Popperian Falsification Testing

Karl Popper's criterion of demarcation states that scientific claims must be falsifiable—there must exist possible observations that would prove them false. We apply this rigorous standard to software testing.

"A theory which is not refutable by any conceivable event is non-scientific. Irrefutability is not a virtue of a theory but a vice." — Karl Popper, Conjectures and Refutations (1963)

Why Falsification Over Verification?

Traditional testing asks: "Does this work?" Falsification testing asks: "Under what conditions would this fail?"

This shift in perspective is powerful because:

  1. Specificity: Falsification conditions are precise and measurable
  2. Coverage: Forces consideration of edge cases and failure modes
  3. Rigor: Can never "prove" correctness, only fail to falsify
  4. Documentation: Falsification conditions become living specifications

Falsification Hierarchy

Level 0: Logical Falsification
  └─→ Type system prevents invalid states
  └─→ Example: "APR files always have valid headers"

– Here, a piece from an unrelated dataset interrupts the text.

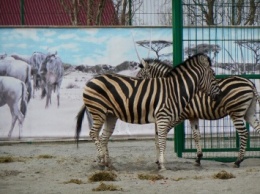 В запорожском зоопарке появились зебры (ФОТОфакт)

Level 1: Unit Falsification
  └─→ Single function produces wrong output
  └─→ Example: "mel_spectrogram() matches librosa within 1e-5"

Level 2: Integration Falsification
  └─→ Components fail to interoperate
  └─→ Example: "apr import | apr run produces output"

Level 3: System Falsification
  └─→ End-to-end failure under realistic conditions
  └─→ Example: "Browser inference runs for 1 hour without crash"

Level 4: Performance Falsification
  └─→ Performance claims are not met
  └─→ Example: "Decode speed ≥ 50 tok/s on reference hardware"

Writing Falsification Tests

A good falsification test has three parts:

  1. Claim: What property should hold?
  2. Falsification Condition: What observation would disprove it?
  3. Test Method: How do we check for the falsification condition?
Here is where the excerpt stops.